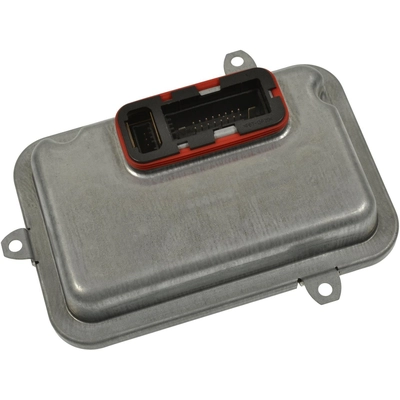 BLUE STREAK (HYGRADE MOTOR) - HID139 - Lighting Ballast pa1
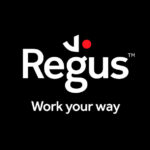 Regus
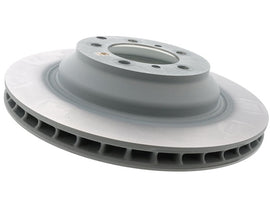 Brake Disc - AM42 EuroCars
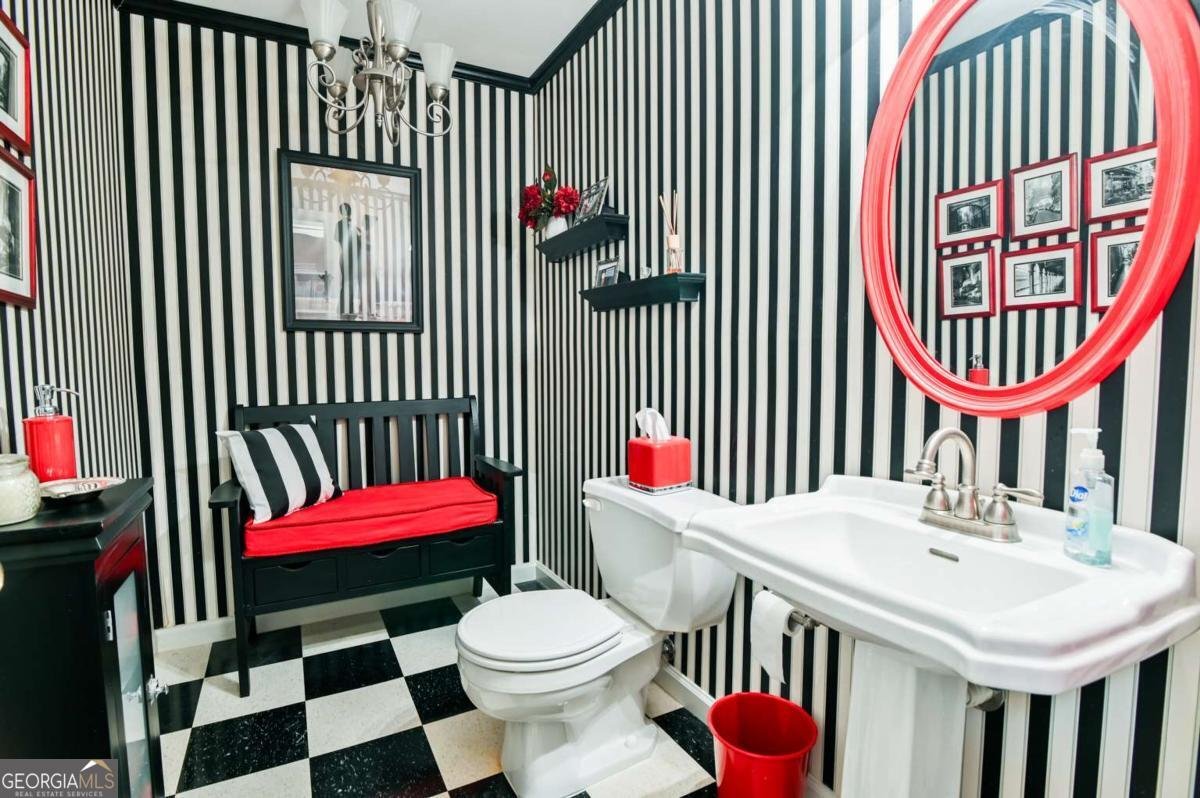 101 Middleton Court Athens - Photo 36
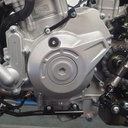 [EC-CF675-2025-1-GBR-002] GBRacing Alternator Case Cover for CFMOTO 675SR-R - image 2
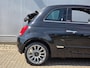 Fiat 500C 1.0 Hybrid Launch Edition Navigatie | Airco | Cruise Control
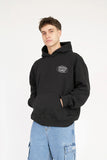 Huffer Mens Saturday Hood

------

**ASSIGNMENT:** Would you print all of the material exactly as written, minus the pictures?

**SOLUTION FOR THIS PROBLEM:**
 BLUE STREAK (HYGRADE MOTOR) - HID139 - Lighting Ballast pa1
 Regus
 Brake Disc - AM42 EuroCars
 101 Middleton Court Athens - Photo 36
 [EC-CF675-2025-1-GBR-002] GBRacing Alternator Case Cover for CFMOTO 675SR-R - image 2
 Fiat 500C 1.0 Hybrid Launch Edition Navigatie | Airco | Cruise Control
 Huffer Mens Saturday Hood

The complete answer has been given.